## [Data in this exercise]
_____

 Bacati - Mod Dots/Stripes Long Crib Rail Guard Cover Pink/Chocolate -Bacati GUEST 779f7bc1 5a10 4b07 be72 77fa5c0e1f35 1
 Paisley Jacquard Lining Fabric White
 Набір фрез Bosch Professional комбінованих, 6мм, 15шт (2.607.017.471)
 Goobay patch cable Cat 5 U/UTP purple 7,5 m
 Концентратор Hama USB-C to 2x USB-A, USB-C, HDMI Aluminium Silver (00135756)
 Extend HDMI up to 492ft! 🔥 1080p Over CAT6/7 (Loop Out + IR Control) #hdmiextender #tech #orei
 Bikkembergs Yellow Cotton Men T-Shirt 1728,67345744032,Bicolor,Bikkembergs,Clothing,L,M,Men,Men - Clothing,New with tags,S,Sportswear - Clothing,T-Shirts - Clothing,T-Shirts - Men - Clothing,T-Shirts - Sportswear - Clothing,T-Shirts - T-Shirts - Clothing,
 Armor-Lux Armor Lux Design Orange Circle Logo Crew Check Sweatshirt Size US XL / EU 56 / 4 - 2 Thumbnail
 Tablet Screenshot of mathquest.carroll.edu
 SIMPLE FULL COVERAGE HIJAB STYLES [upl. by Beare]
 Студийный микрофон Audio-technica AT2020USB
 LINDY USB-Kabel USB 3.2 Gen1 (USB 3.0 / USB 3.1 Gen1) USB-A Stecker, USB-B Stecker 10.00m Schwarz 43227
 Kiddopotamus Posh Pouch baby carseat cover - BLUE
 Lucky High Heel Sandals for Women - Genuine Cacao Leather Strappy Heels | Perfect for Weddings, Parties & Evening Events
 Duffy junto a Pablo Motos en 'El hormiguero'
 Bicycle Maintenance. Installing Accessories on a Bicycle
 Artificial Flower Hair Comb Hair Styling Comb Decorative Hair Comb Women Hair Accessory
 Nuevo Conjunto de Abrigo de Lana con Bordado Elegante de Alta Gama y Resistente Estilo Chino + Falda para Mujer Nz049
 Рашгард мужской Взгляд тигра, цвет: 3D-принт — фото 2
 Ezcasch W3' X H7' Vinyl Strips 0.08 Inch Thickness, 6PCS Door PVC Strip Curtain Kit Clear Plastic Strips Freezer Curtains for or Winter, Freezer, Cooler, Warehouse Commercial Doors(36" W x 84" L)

_____

## [Aim of the task]
The answer must be the full listing, restated word for word.

## [Task answer]
 Bacati - Mod Dots/Stripes Long Crib Rail Guard Cover Pink/Chocolate -Bacati GUEST 779f7bc1 5a10 4b07 be72 77fa5c0e1f35 1
 Paisley Jacquard Lining Fabric White
 Набір фрез Bosch Professional комбінованих, 6мм, 15шт (2.607.017.471)
 Goobay patch cable Cat 5 U/UTP purple 7,5 m
 Концентратор Hama USB-C to 2x USB-A, USB-C, HDMI Aluminium Silver (00135756)
 Extend HDMI up to 492ft! 🔥 1080p Over CAT6/7 (Loop Out + IR Control) #hdmiextender #tech #orei
 Bikkembergs Yellow Cotton Men T-Shirt 1728,67345744032,Bicolor,Bikkembergs,Clothing,L,M,Men,Men - Clothing,New with tags,S,Sportswear - Clothing,T-Shirts - Clothing,T-Shirts - Men - Clothing,T-Shirts - Sportswear - Clothing,T-Shirts - T-Shirts - Clothing,
 Armor-Lux Armor Lux Design Orange Circle Logo Crew Check Sweatshirt Size US XL / EU 56 / 4 - 2 Thumbnail
 Tablet Screenshot of mathquest.carroll.edu
 SIMPLE FULL COVERAGE HIJAB STYLES [upl. by Beare]
 Студийный микрофон Audio-technica AT2020USB
 LINDY USB-Kabel USB 3.2 Gen1 (USB 3.0 / USB 3.1 Gen1) USB-A Stecker, USB-B Stecker 10.00m Schwarz 43227
 Kiddopotamus Posh Pouch baby carseat cover - BLUE
 Lucky High Heel Sandals for Women - Genuine Cacao Leather Strappy Heels | Perfect for Weddings, Parties & Evening Events
 Duffy junto a Pablo Motos en 'El hormiguero'
 Bicycle Maintenance. Installing Accessories on a Bicycle
 Artificial Flower Hair Comb Hair Styling Comb Decorative Hair Comb Women Hair Accessory
 Nuevo Conjunto de Abrigo de Lana con Bordado Elegante de Alta Gama y Resistente Estilo Chino + Falda para Mujer Nz049
 Рашгард мужской Взгляд тигра, цвет: 3D-принт — фото 2
 Ezcasch W3' X H7' Vinyl Strips 0.08 Inch Thickness, 6PCS Door PVC Strip Curtain Kit Clear Plastic Strips Freezer Curtains for or Winter, Freezer, Cooler, Warehouse Commercial Doors(36" W x 84" L)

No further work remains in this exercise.